Ebay’s main defense against this is a move to a product-based catalog from a listings-based catalog, otherwise known as their structured data initiative. This is meant to improve performance in organic search and product discovery. The latter still needs a lot of work in both of the key elements of discovery: Inventory and Personalization.
Problems with Inventory
I tried looking for a Fitbit and the first result is the very original Charge from two years ago. None of the top 5 models are a new product. Just compare that to Amazon’s search results on the right:
Problems with Personalization
Ebay still has work left to do on personalization as well — just look at the main page screenshots below. When entering my login credentials (right) and without login (left). Most items are either the same product or in a similar category to the rest. There is no personalization here, which is quite sad considering I have made dozens of purchases over the last couple of years.
But Are Things Turning?
Ebay does seem to be making improvements, however. In its Q2 results, EBAY posted an fxn (fx neutral) GMV beat and guided up full year revenues with management pointing to early benefits from the structured data rollout. This coupled with improved profitability pushed the stock up massively.

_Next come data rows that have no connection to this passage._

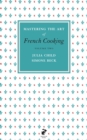 Mastering the Art of French Cooking, Vol.2 - Book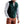 Men's Vest Notch Lapel Waistcoat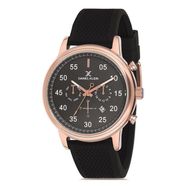 Daniel Klein DK012842C-01 Erkek Kol Saati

For Q3, the structured data rollout will continue to be a focus. Our Mosaic data shows some competing trends here. Analysts expect fxn GMV to decelerate (blue line w/ markers), but website traffic (orange) continues to remain at very elevated levels, although the relationship has admittedly broken down a bit. Channeladvisor SSS data (purple) and Google Trends (green) are also ticking up on the quarter but are not indicating a material dislocation vs. expectations.

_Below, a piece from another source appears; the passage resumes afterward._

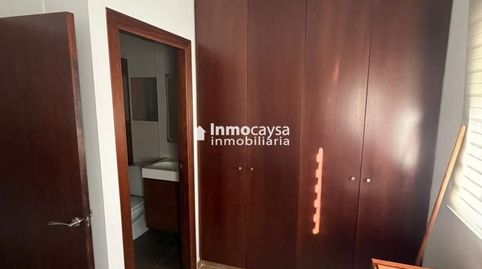 Foto 5 de Casa adosada de alquiler en Xàtiva, Valencia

We also see engagement significantly improving in the charts below, supporting the thesis of an improved user experience. Monthly average pages displayed (left) and monthly average stay per visitor (right) both seem to be accelerating.
EBAY seems to be making some improvements to the user experience and has seen early positive results. While EBAY stands to benefit from the e-commerce wave, it must still navigate a changing landscape riddled with immense competition.